# Thread: Who come to beat this ：）

1. ## Who come to beat this ：）

If $\sum_{n=1}^{\infty}a_{n}$ diverges

show that:

$\sum_{n=1}^{\infty}\left(1+\frac{1}{n}\right)a_{n}$

diverges

2. I never get these general term series question, multiplied by some function
I know that simply by the divergence test or that it is the harmonic series.

$\sum_{n=1}^{\infty}(1+\frac{1}{n})$

$\lim_{n\to\infty} 1 + lim_{n\to\infty} \frac{1}{n} =1$

which is not 0 and by the divergence test if the limit of $a_n \ne 0$ diverges

$\sum_{n=1}^{\infty}(1+\frac{1}{n})$

Could say that the An is just like multiplying a constant and which multiplying by a constant will not affect if a series diverges or convergences? just the sum?

$\sum_{n=1}^{\infty}(1+\frac{1}{n})a_n$

similarly

$\sum_{n=1}^{\infty}\frac{a_n(1+n)}{n}$

This is a Harmonic series which diverges...I am incorrect?

3. $\sum_{n=1}^{\infty}\left(1+\frac{1}{n}\right)a_{n} =$ $\sum_{n=1}^{\infty} a_{n} + \sum_{n=1}^{\infty}\left(\frac{1}{n}\right)a_{n}$.

What you have here is either a sum of two divergent series or a sum of a convergent and a divergent series, both of which diverge.

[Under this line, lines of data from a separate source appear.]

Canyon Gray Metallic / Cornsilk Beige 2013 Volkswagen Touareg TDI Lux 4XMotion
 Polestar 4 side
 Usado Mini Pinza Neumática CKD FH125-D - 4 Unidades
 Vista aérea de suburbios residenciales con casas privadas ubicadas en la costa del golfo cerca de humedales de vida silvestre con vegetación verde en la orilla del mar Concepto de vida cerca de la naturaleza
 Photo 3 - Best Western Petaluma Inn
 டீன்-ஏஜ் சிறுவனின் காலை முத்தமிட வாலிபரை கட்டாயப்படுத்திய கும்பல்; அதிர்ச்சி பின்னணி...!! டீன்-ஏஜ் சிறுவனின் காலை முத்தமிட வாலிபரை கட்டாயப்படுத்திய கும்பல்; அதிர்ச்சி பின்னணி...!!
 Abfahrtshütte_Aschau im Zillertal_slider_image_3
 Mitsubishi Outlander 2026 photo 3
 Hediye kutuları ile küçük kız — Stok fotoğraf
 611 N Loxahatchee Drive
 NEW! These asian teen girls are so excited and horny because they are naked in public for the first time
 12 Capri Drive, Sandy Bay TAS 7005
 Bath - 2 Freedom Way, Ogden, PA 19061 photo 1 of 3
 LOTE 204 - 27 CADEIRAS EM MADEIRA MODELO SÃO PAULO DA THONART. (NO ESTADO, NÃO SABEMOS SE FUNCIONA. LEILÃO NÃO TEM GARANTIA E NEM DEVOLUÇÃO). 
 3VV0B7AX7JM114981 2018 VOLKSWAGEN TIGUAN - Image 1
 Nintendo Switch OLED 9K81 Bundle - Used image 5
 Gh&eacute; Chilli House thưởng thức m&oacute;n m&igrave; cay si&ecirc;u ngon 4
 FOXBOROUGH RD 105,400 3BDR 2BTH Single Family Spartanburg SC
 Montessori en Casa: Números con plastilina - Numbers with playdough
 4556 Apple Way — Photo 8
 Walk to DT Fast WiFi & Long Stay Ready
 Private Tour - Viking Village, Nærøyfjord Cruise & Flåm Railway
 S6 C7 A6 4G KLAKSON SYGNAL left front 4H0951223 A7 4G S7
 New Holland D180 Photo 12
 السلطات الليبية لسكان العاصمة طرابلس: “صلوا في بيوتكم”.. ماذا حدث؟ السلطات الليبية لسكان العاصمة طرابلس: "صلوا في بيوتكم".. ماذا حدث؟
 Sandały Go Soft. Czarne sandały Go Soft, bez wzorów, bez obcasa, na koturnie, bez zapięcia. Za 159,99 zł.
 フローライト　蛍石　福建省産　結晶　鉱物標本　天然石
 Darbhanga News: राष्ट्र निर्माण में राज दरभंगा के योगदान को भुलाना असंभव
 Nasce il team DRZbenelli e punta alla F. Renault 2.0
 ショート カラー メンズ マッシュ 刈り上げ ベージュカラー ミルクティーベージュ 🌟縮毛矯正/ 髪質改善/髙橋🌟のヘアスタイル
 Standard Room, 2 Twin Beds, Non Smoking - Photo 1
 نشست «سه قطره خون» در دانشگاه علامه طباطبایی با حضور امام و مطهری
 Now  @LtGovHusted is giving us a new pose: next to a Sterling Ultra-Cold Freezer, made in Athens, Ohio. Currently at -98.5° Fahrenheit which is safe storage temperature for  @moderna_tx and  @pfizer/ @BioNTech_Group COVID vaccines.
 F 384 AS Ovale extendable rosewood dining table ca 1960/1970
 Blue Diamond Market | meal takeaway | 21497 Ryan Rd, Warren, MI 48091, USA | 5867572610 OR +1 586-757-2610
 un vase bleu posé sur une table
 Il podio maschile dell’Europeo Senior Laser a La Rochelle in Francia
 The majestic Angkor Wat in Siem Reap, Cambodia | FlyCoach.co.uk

4. Defunkt, would the way I TRIED, lol, to show this be applicable? more specifically the last bit of my reply

5. Well, I don't really understand what you're saying there :P Try organizing your thoughts more clearly and then presenting them.

If you are saying that multiplying the series by $\left( 1 + \frac{1}{n} \right)$ is like multiplying by a constant, that's wrong. It simply is not a constant. And no, it is not a harmonic series -- http://en.wikipedia.org/wiki/Harmoni...s_(mathematics) this is the only form of a harmonic series.

6. Thanks for the tips, I am just so eager to learn, I make a mess of myself, I was trying to say that multiplying by $A_n$ to the series of
$\sum_{n=1}^{\infty}(1+\frac{1}{n})$, you can treat $A_n$ as constant, more than likely this is where I am incorrect, and that multiplying a constant to a series will not affect its convergence or divergence just it's sum.

Also tried saying that

$\sum_{n=1}^{\infty}(1+\frac{1}{n})$

can be written as

$\sum_{n=1}^{\infty}\frac{n+1}{n}$

which looks to be of similar form to the harmonic series to me, but what the hell, I am more incorrect than correct, when I post messes like these, lol.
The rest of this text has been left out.